Work instruction – Reproduce the listing in full, exactly as written, but without images.

Provided material –
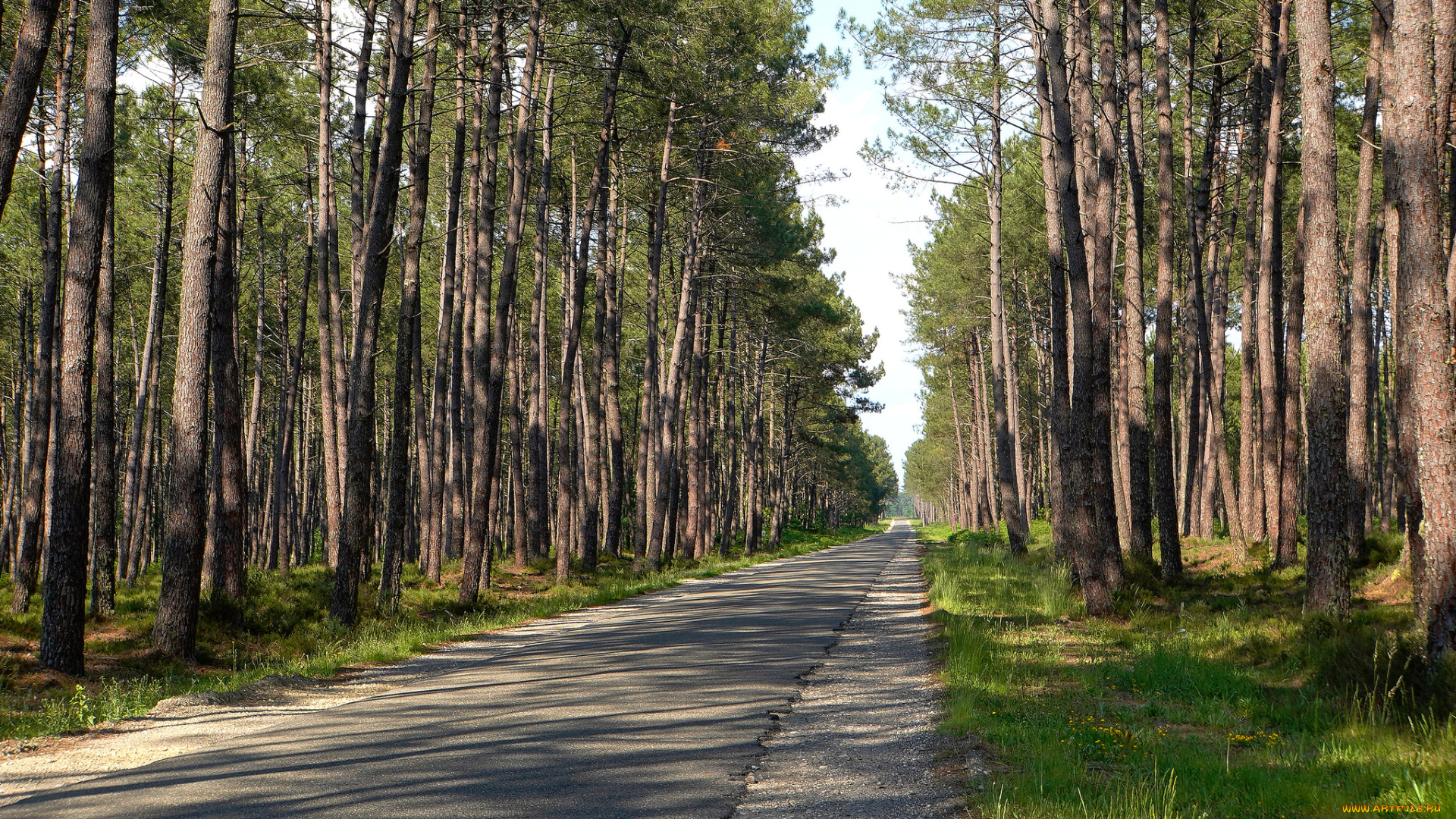 природа, дороги, простор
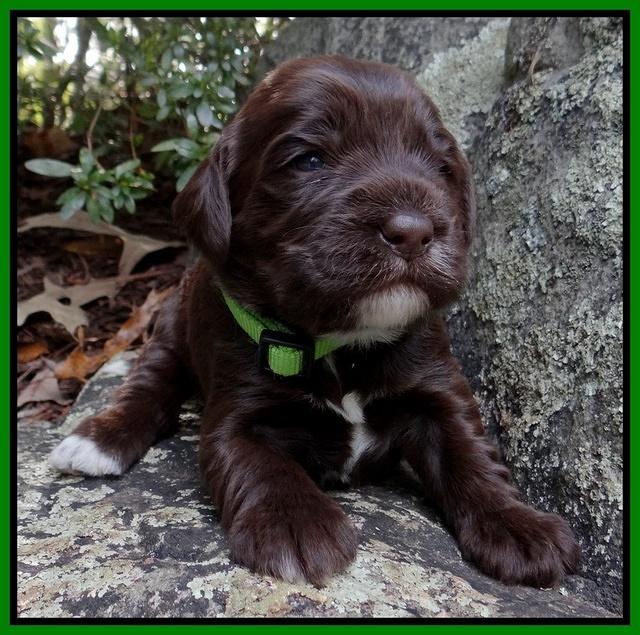 Coco Champion pups 2 wks old 051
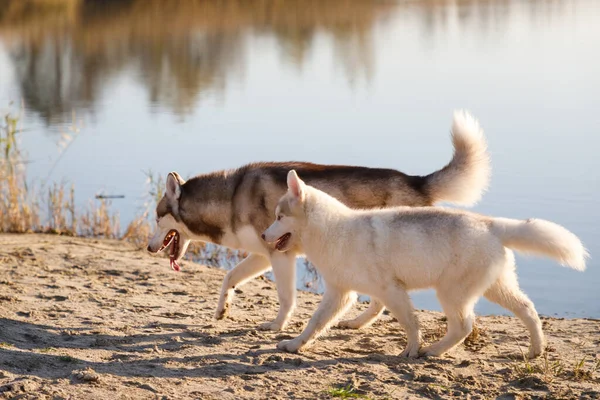 湖を歩いている犬の父と息子 — ストック写真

Completed task –
 природа, дороги, простор
 Coco Champion pups 2 wks old 051
 湖を歩いている犬の父と息子 — ストック写真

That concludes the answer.